Chaque fois que des millions d’individus libres ont osé essayer – dans des situations difficiles, en plus, et avec des moyens techniques très inférieurs au potentiel d’aujourd’hui -, de la Commune de Paris aux communautés libertaires aragonaises et catalanes, des révoltés makhnovistes d’Ukraine aux Spartakistes berlinois, l’utopie a su toujours très bien fonctionner et s’est préparée, en s’affinant et en se corrigeant, à éliminer les erreurs et à parfaire la réussite d’une
société tendant au bonheur de tous et de chacun.
Ce sont toujours des armées impérialistes du vieux monde (blanches, rouges ou noires) qui ont rétabli par la forceles conditions précédentes, au nom de la civilisation et du progrès, bien sûr, quand ce n’est pas au nom de la révolution.
Au moment crucial, Versaillais ou Prussiens, nationalistes ou sociaux-démocrates, staliniens à la Lister ou phalangistes à la Franco se sont toujours montrés étonnamment homogènes, au-delà des différences idéologiques de droite ou de gauche, dans la lutte contre l’émancipation humaine, toujours au nom du progrès et de la civilisation, cela va sans dire.
Le capitalisme, comme l’homme économisé et étriqué qui l’a produit, a deux mains, la droite et la gauche, qu’il utilise depuis toujours. S’il s’est affirmé par une révolution violente, en coupant la tête du roi et du clergé, il s’est renforcé par la guerre, il a profité des extrémismes contrerévolutionnaires du bolchevisme et du fascisme, il a repris les territoires ayant échappé à son contrôle par des méthodes de bourreau et restaure systématiquement sa domination par la force.
La CIA et le KGB, avec tous leurs petits frères, ont fait de l’Etat – tous les Etats, de droite ou de gauche, sont toujours complices d’un marché qu’ils prétendent régler et dont ils exaucent, en fait, tous les desiderata – l’injustice absolue qui, au nom de l’humanité, réduit l’homme à un esclave et la démocratie à une ochlocratie où une plèbe rendue ignorante par une pédagogie de la soumission permanente, croit dur comme fer que « l’Etat c’est nous » et élit
avec un aplomb sous-prolétaire les chefs ridicules et aveugles d’une lumpenbourgeoisie spectaculaire et corrompue,fossoyeuse interclassiste de la lutte des classes.
Que, dans sa propagande, la pseudo classe dominante – en réalité ce sont des serfs débordants de privilèges vulgaires et pour cela totalement dépourvus de scrupules et de décence – se gargarise de civilisation et de progrès sans être immédiatement balayée par ceux qu’elle prétend représenter et qu’en réalité elle abuse et escroque, n’est que la conséquence logique d’une dépendance désormais intériorisée dans le caractère même des individus domestiqués.

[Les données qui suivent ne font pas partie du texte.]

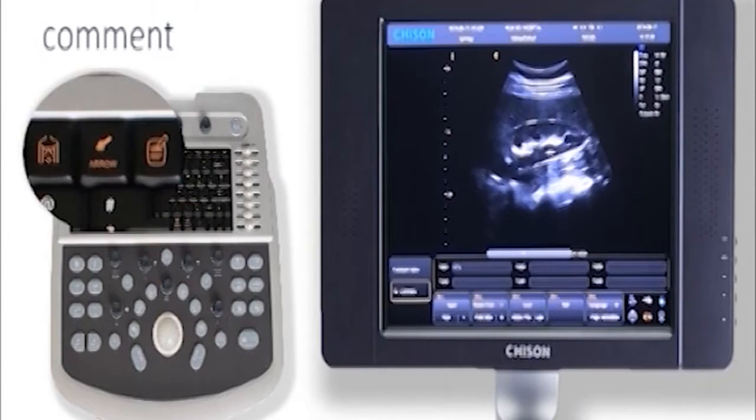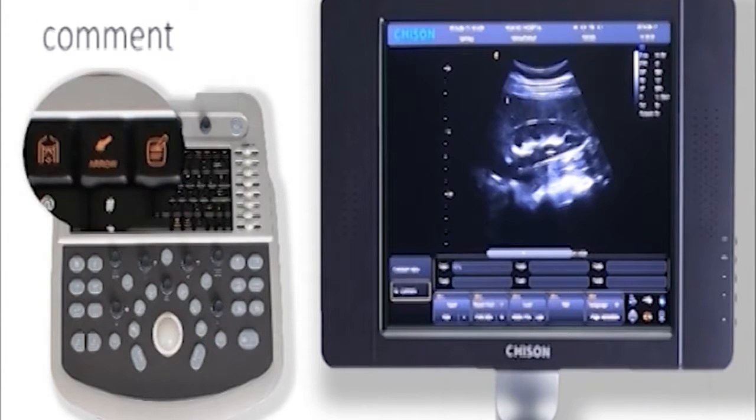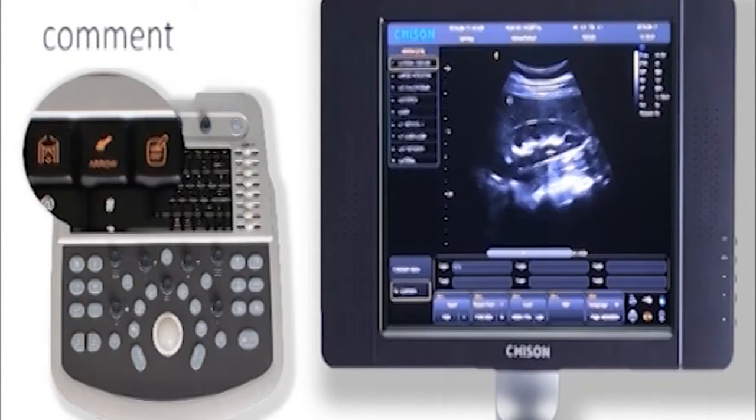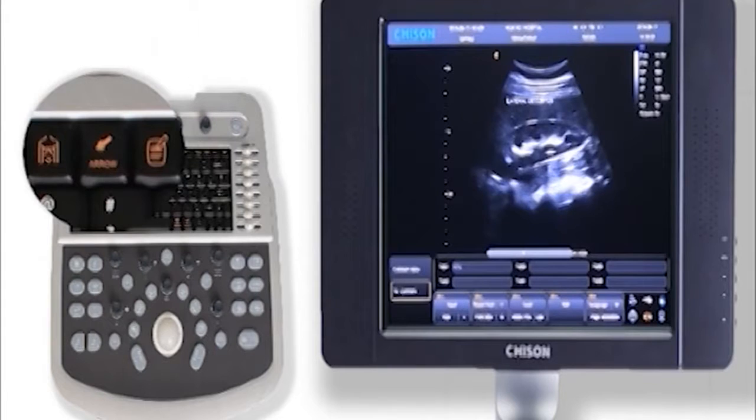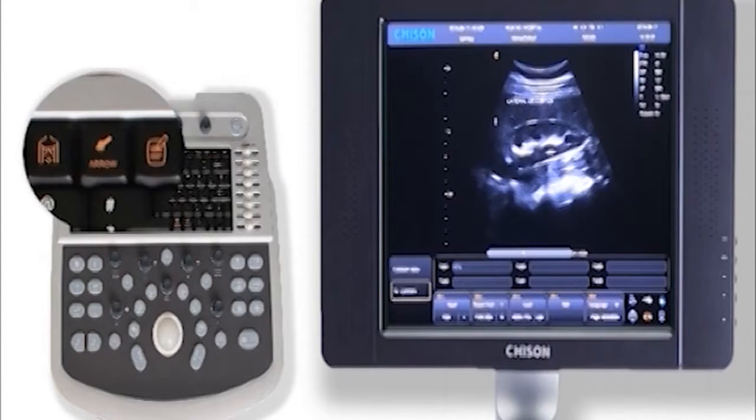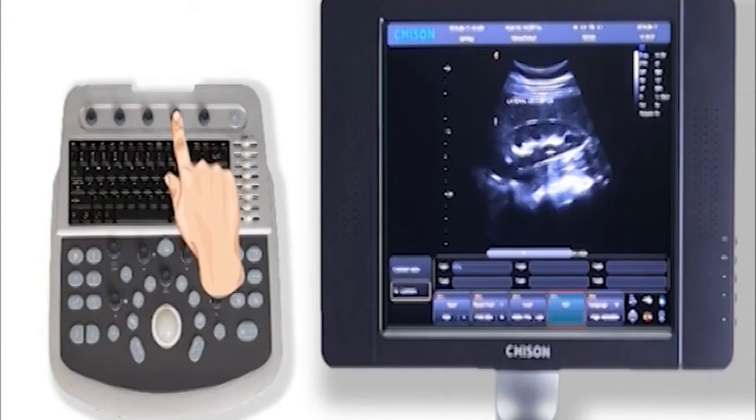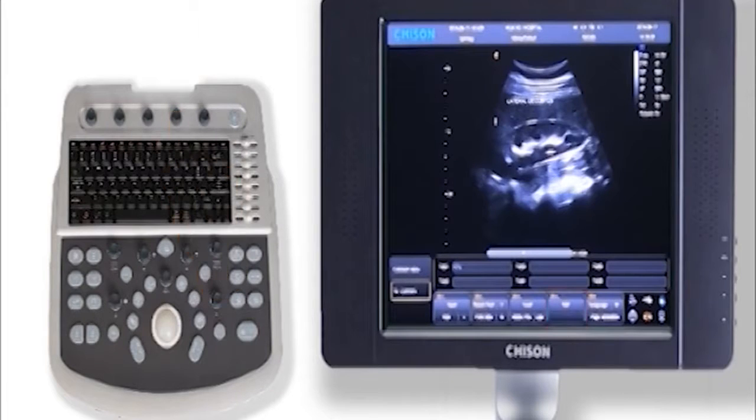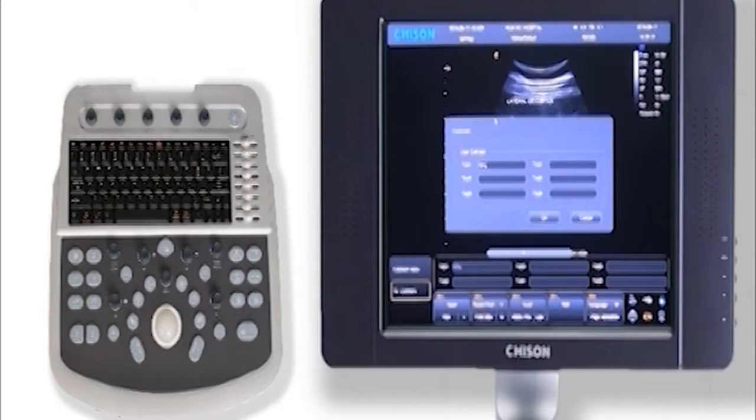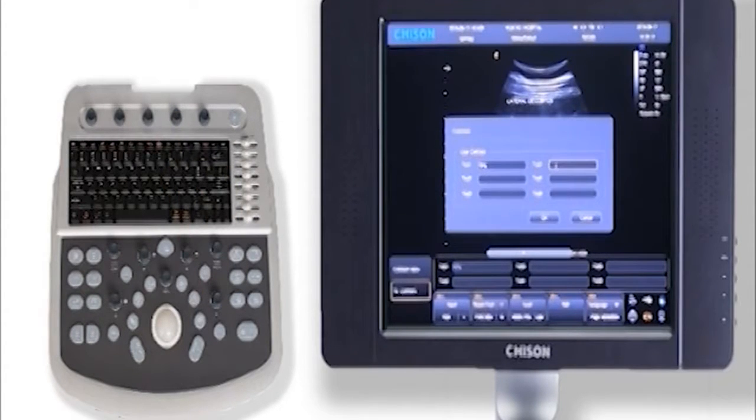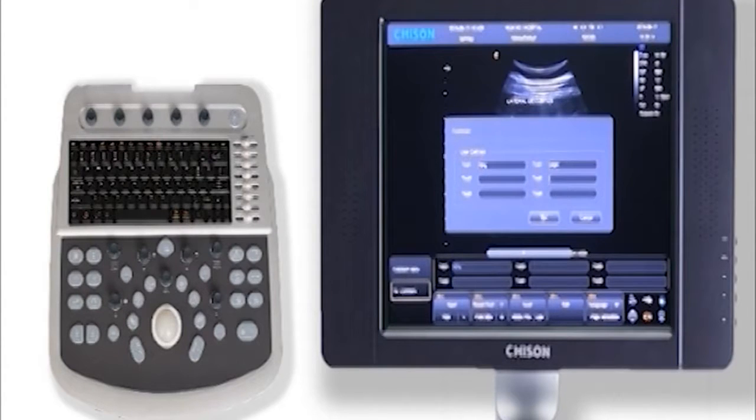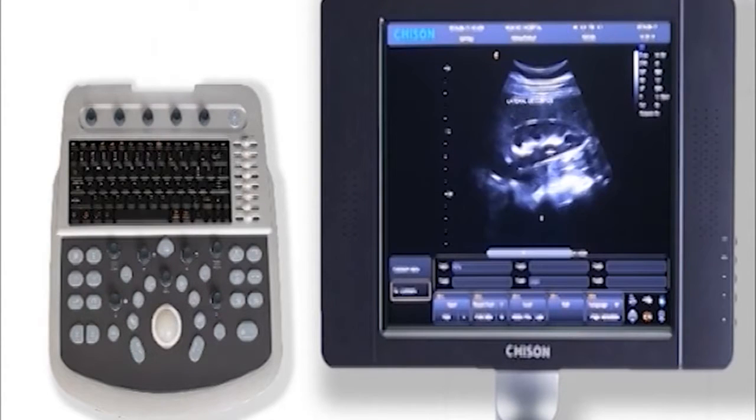This key is for comment. Press it, we can input comment on the screen. Also, we have quick comment. We can edit six frequently used comments. Next time we just press the knob to get the comment on the screen.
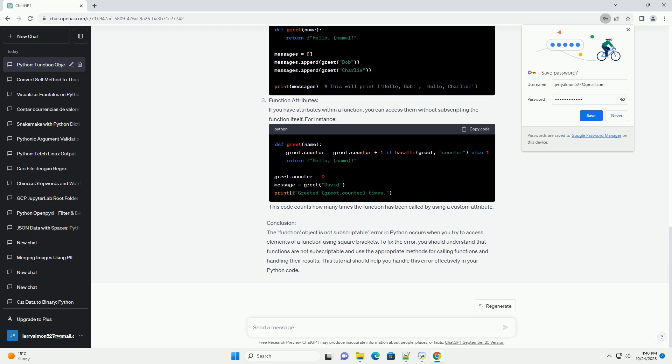Function attributes: If you have attributes within a function, you can access them without subscripting the function itself. For instance, this code counts how many times the function has been called by using a custom attribute.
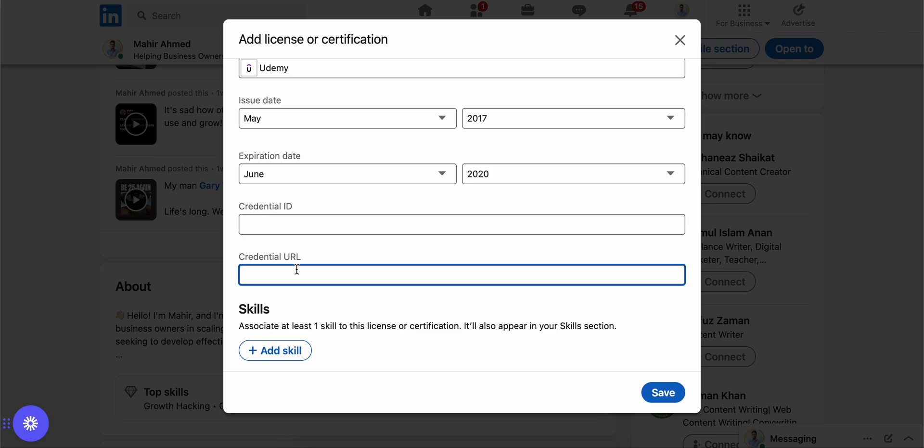Or you can also upload your PDF certificate to a Google Drive and share the drive link over here.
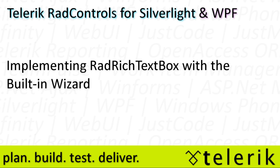Today we're going to be taking a look at just how easy it is to implement RadRichTextBox with the built-in wizards. RadRichTextBox is part of the Telerik RadControls for Silverlight and RadControls for WPF control suites for .NET development.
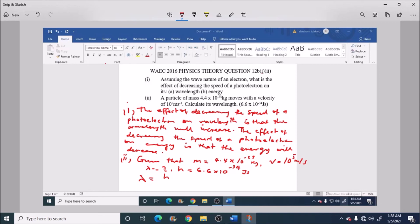And that's the solution to the question 12B roman figure one and roman figure two. Thank you, for more videos I'd like you to visit our website www.educateafrican.com. Thank you.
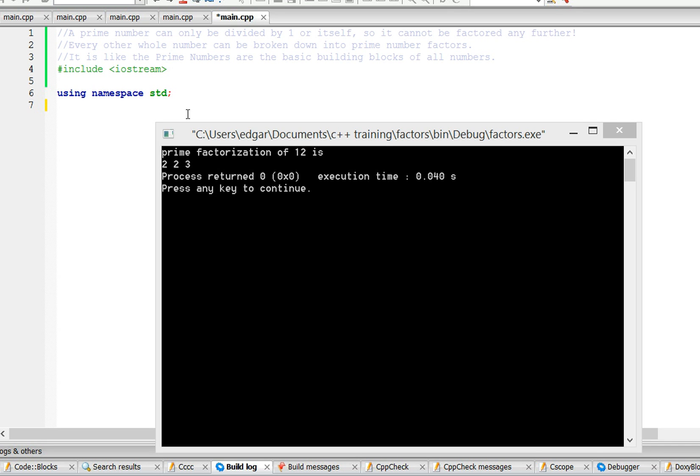Hello, in this video I'm going to show you how to find the prime factorization of a number. The prime factorization of 12 is 2, 2, 3, because 2 and 3 are prime numbers, and 2 times 2 is 4 times 3 is 12.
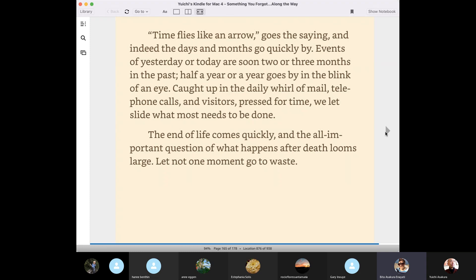The end of life comes quickly. And the all-important question of what happens after death looms large. Let not one moment go to waste.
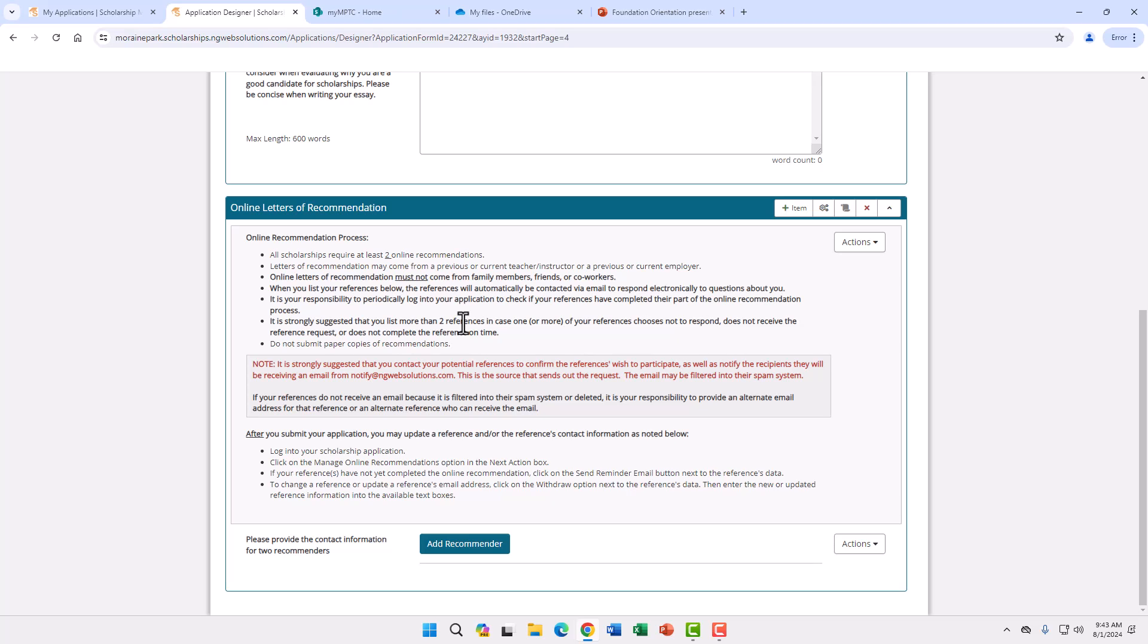These references could be managers, supervisors, current or former teachers, leadership from any volunteer experience. They should not be friends or family members.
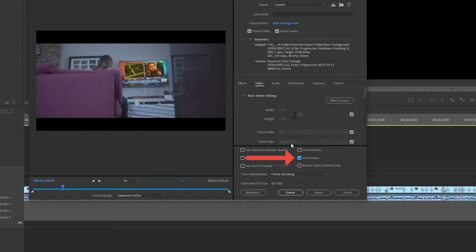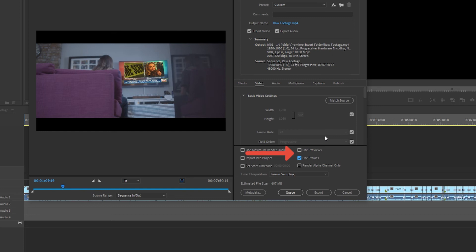much to you at the moment, then select use proxies. If you want an even quicker export and you've generated previews within your timeline, then select use previews and Premiere Pro will export the previews and proxies a lot quicker.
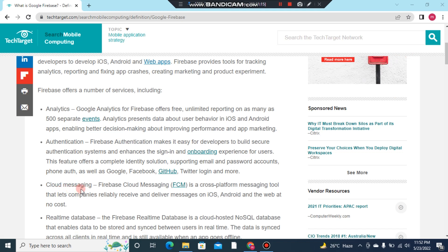Number three: Cloud Messaging. Firebase Cloud Messaging (FCM) is a cross-platform messaging tool that lets companies reliably send and receive messages on iOS, Android, and web at no cost.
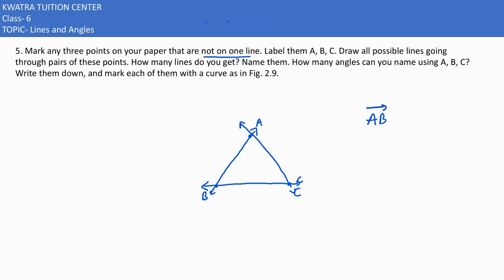Kya ho gaya? Ek to AB ho gaya, doosra we have is BC, third humaare paas CA ho jayega. These are the three lines we are getting from this figure.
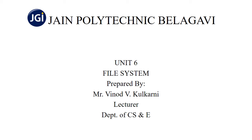Hello everyone, my name is Vinod Kulkarnani, Lecturer in the Department of CS&E at Gen Quality in Galgavi. Today I am going to start with Unit 6: File System.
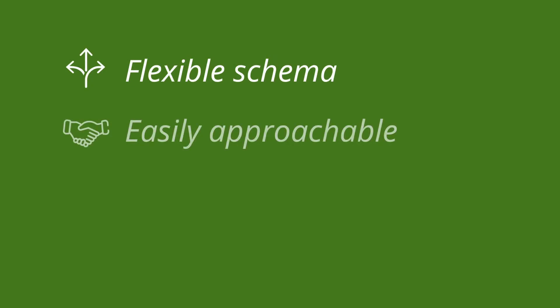NoSQL document databases like AWS DocumentDB provide many benefits. They have a flexible schema that can be readily adapted as your business grows and changes. NoSQL platforms are easily approachable for developers who are already fluent in languages like JavaScript, but who are less acquainted with SQL.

Qui peut dire, néanmoins, combien durera un tel conditionnement et quel traumatisme imprévu pourrait effacer d’un seul coup l’effet hypnotique ?
Dans un tel tableau général, la défaite dans le référendum italien sur le nucléaire est inquiétante pour le système dominant. Il y a là un signe, symbolique et concret à la fois, qui dépasse la question électorale et met en jeu l’hypothèse de la substitution d’une démocratie parlementaire asservie au capitalisme par une démocratie conseilliste qui rendrait au peuple, en tant que communauté concrète et autonome d’individus sociaux, les contenus d’une souveraineté qui n’est aujourd’hui que formelle.
La démocratie locale, fédérée en cercles successifs jusqu’à une démocratie planétaire n’est pas compatible avec l’internationale des multinationales, mais elle peut commencer à en prévoir et en préparer le dépassement partout par l’abrogation d’une démocratie spectaculaire, au nom d’une démocratie réelle, donc directe par les sujets qui l’appliquent.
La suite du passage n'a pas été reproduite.